All articles were reviewed for title/abstract, and the articles that met the inclusion criteria were also screened for full text. For data extraction and analysis purposes, we followed the Cochrane research methodology . Two authors (MK, LV) with backgrounds in clinical rehabilitation medicine independently screened all articles for title/abstract and full-text using EndNote X9. The two reviewers discussed disagreements in scoring the included articles. When the reviewers still disagreed after a second evaluation, a third author (RS) decided. With the same screening process, the level of evidence (Level selection) was assigned to all included articles. From all included articles, we extracted the studied population, the joint measured by the robotic device, the clinical measurement used as a reference, and if a control group was present.

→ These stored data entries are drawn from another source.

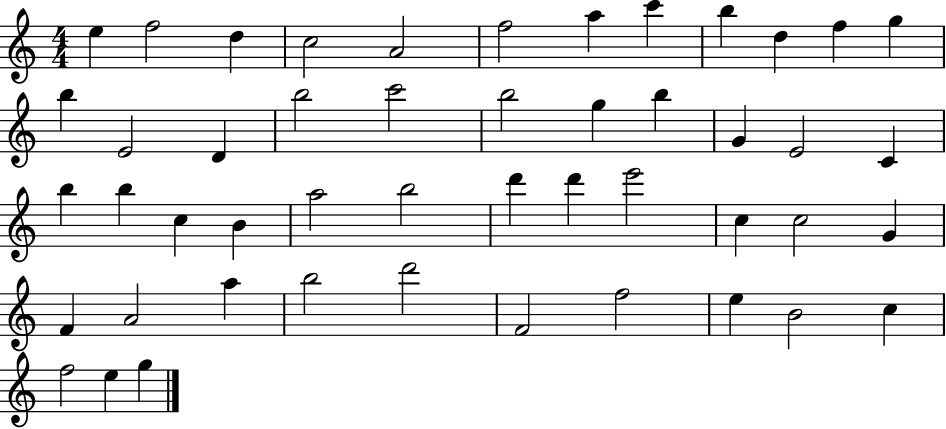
{
  \clef treble
  \numericTimeSignature
  \time 4/4
  \key c \major
  e''4 f''2 d''4 | c''2 a'2 | f''2 a''4 c'''4 | b''4 d''4 f''4 g''4 | \break b''4 e'2 d'4 | b''2 c'''2 | b''2 g''4 b''4 | g'4 e'2 c'4 | \break b''4 b''4 c''4 b'4 | a''2 b''2 | d'''4 d'''4 e'''2 | c''4 c''2 g'4 | \break f'4 a'2 a''4 | b''2 d'''2 | f'2 f''2 | e''4 b'2 c''4 | \break f''2 e''4 g''4 | \bar "|."
} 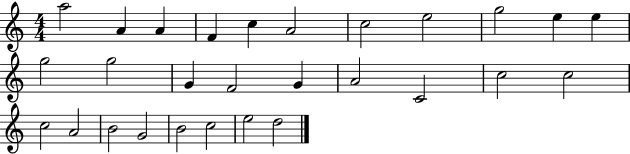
{
  \clef treble
  \numericTimeSignature
  \time 4/4
  \key c \major
  a''2 a'4 a'4 | f'4 c''4 a'2 | c''2 e''2 | g''2 e''4 e''4 | \break g''2 g''2 | g'4 f'2 g'4 | a'2 c'2 | c''2 c''2 | \break c''2 a'2 | b'2 g'2 | b'2 c''2 | e''2 d''2 | \break \bar "|."
}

Since our goal was to describe the level of evidence of the available literature and not to describe the accuracy itself (e.g., the sensitivity and specificity), we did not apply a quality assessment of the included studies.
The initial search strategy in databases yielded 3584 articles. With CoCites, an additional 144 articles were included, and the manual search added an additional 16 articles. After the entire selection process, a total of 59 articles (1.6%) were included in the systematic review (Fig. 1).
The characteristics of the included studies are shown in Additional file 2: Table S2, ordered by level of evidence. The total number of included patients was 1080; the mean sample size per study was 18 (± 18SD). In 42% of the studies, a control group was included. The total number of included controls was 504; the mean sample size per study was 9 (± 20SD). The majority of the studies measured adults with chronic stroke (68%); The other studies measured adults with subacute stroke (7%) and children with cerebral palsy (19%).
Most studies measured the upper extremities (64%); the ankle (30%), wrist (29%) and elbow (27%) were the most often measured joints. The most commonly-used reference test to quantify spasticity was the MAS (70%). For viscoelastic joint properties, all articles used the passive range of motion as a reference test. Many different robotic devices were used; the NeuroFlexor (15%) and the Wristalyzer (3%) were most commonly used. Both devices performed Level I and II.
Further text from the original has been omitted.